There are two broad methods generally followed: centralized packet forwarding and distributed packet forwarding. Key factors that drive the choice of approach include scalability, protocol support, and power.The basic concept of distributed packet forwarding is illustrated in Figure 5. NICs essentially assume the role of a full router. They comprise all the hardware, including the PMD and link layer, but are also fully equipped with packet-processing functionality as well as local QoS and traffic engineering. The switch fabric is purely optimized for nonblocking transport of packets across line cards and does not include any sophisticated QoS/traffic-engineering functions.
A summary of the differences between centralized and distributed packet forwarding-as well as the implications of these differences-appears in Table 1.

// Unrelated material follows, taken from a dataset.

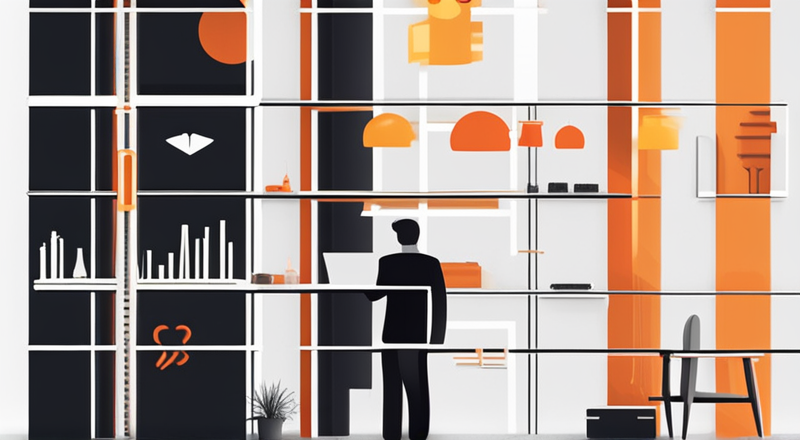 青岛锦辉人力资源怎么样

Let's look at relevant requirements and explore "first-cut" architectural partitioning for a backbone routing device capable of line-rate performance at 40 Gbits/sec. Specifications for the functional requirements at a system level are contained in Table 2. Thus, most of the discussion within this section explores architectural and component-level implications of these requirements.As stated previously, scalability, performance, and power requirements drive system partitioning. A distributed packet-forwarding architecture clearly lends itself to a more scalable system. The distributed architecture allows for building-out of a maximum capacity chassis and backplane and de-couples the scaling of the network layer from the switch fabric. It's possible to take a "divide and conquer" approach to solving system performance and scaling issues by:
- Reducing the complexity of the switch fabric and making it an ultra-fast, highly integrated, dedicated data-transport layer.
- Building a chassis with an optical backplane (fiber) that can scale as high as 20 Gbits/sec per link.
- Decoupling network layer from switch fabric allowing for maximum flexibility in scaling each independently.